The nation-state is normally sustained by a series of things: by the armed forces, by the diplomatic corps, by the central administrations, by certain groups of economic interests, and by the nationalist mentality that is fuelled by certain political forces. However, at the end of the war, and for a number of years afterwards, these props were lacking in the continental countries of Western Europe.
The national armies, after hardly covering themselves with glory, had been destroyed and no longer existed. The military generals, far from being able to portray themselves as the proud recipients of military honour and as the guarantors of their countries’ security and independence, were forced to adopt a low profile and keep quiet.

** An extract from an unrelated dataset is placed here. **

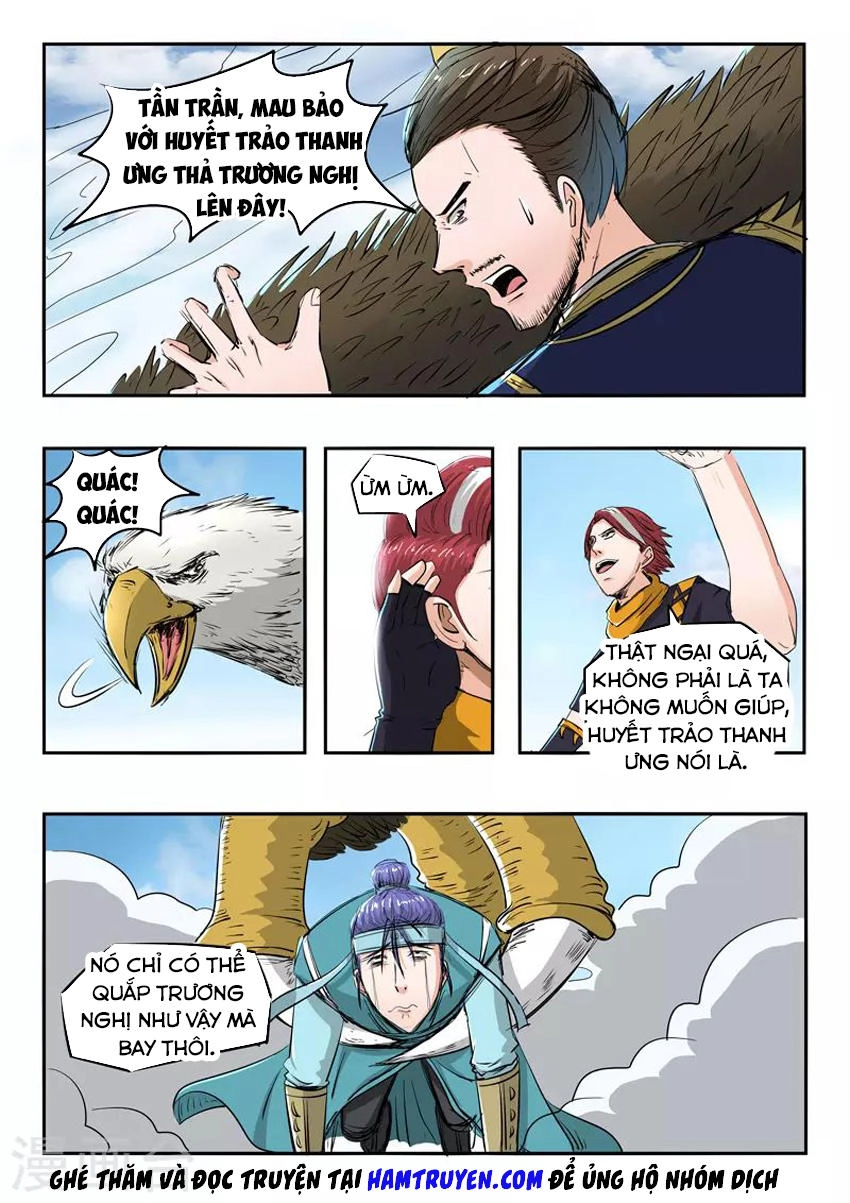 Võ Thần Chúa Tể Chapter 270 - 2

Meanwhile, the diplomatic corps were quite unable to generate any faith in their capacity to secure their countries a place on the chessboard of international politics. Passively, and with bowed heads, they could only wait for the world’s big players — America and Russia — to decide what position the European countries should occupy, and whose friends or adversaries they would be.
The national bureaucracies, barely able to fulfil their most basic duties, had to relinquish their arrogant belief that they were the only ones capable of keeping their countries in order. All the economic groups, capitalists and workers, that for decades had taken refuge in the nation-state, managing to convince themselves, and others, that it was state’s responsibility to guarantee them exclusive markets, monopolies, and a corporative system, were reduced to silence by the general disintegration of the national economies, which were no longer able to meet even the most basic needs of the populations.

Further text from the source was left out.